Task input Block Start

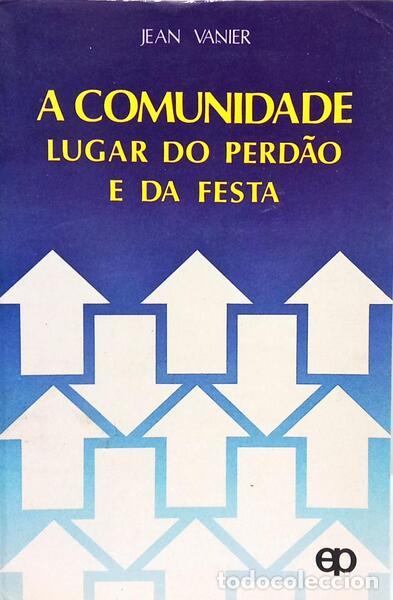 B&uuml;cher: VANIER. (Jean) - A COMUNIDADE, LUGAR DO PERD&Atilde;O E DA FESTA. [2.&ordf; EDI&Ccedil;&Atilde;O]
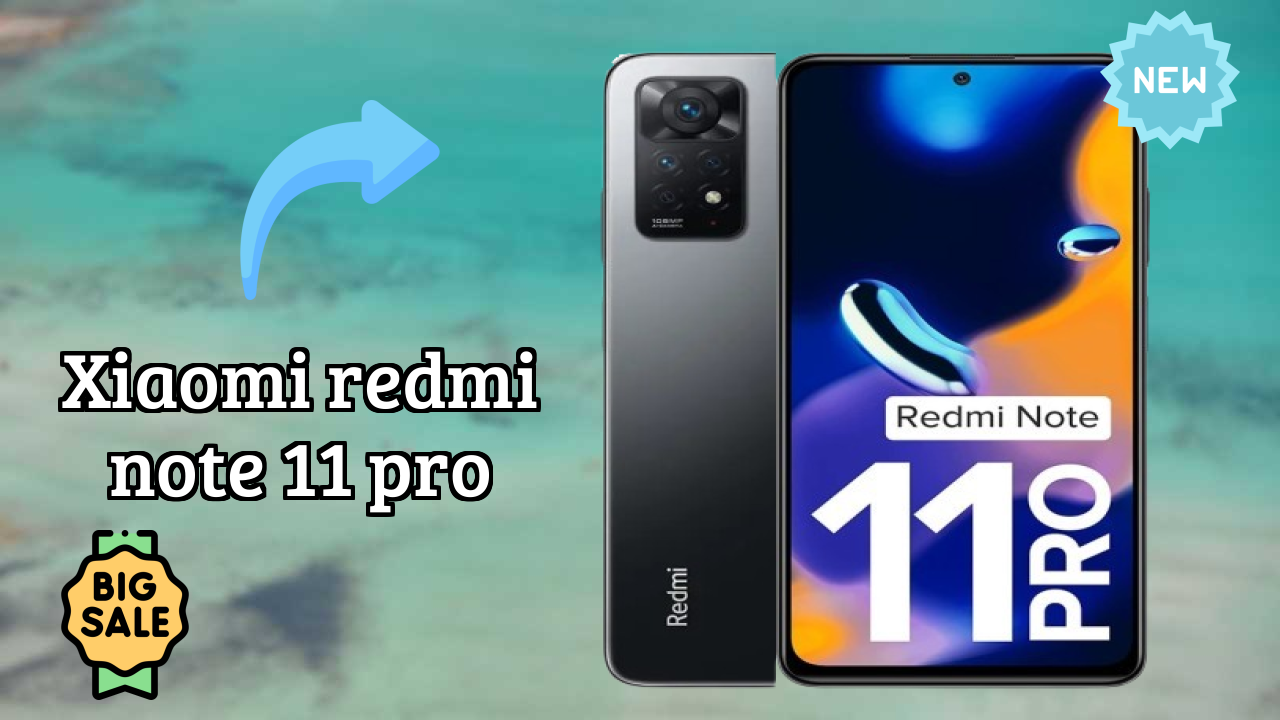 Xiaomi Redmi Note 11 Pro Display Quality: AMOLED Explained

Task input Block End
Task input Block Start

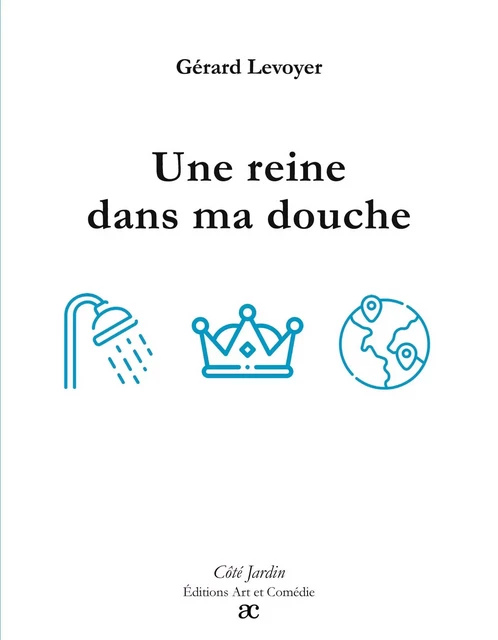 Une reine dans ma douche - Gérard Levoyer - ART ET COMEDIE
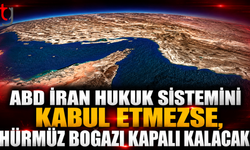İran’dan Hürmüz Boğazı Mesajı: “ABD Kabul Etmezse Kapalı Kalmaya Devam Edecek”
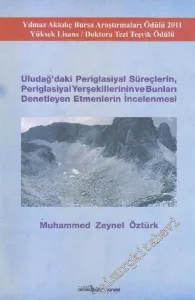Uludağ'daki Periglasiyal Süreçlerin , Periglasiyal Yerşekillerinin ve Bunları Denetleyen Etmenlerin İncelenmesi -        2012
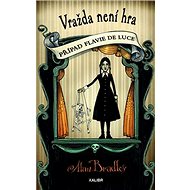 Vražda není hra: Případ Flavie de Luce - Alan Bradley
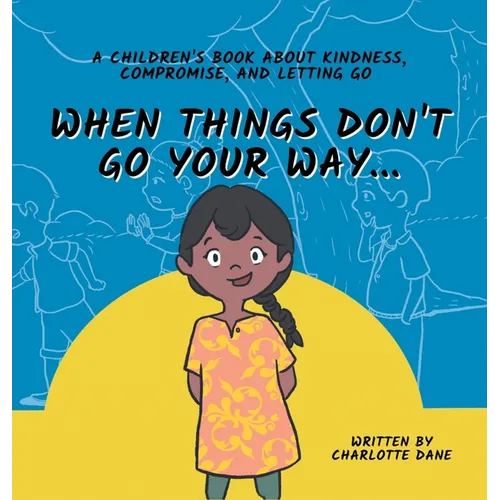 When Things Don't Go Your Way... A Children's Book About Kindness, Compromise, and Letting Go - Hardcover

Task input Block End
Task input Block Start

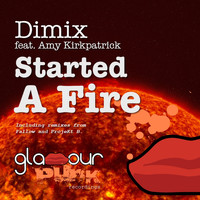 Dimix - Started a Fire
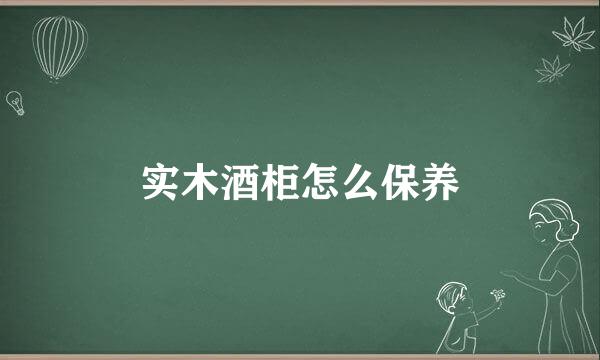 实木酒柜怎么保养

Task input Block End

● **Work order**
Although pictures appear among the records above, none are to be output; print exactly the lines from the line containing "Uludağ'daki Periglasiyal Süreçlerin" through the line containing "When Things Don't".

● **Task result**
Uludağ'daki Periglasiyal Süreçlerin , Periglasiyal Yerşekillerinin ve Bunları Denetleyen Etmenlerin İncelenmesi -        2012
 Vražda není hra: Případ Flavie de Luce - Alan Bradley
 When Things Don't Go Your Way... A Children's Book About Kindness, Compromise, and Letting Go - Hardcover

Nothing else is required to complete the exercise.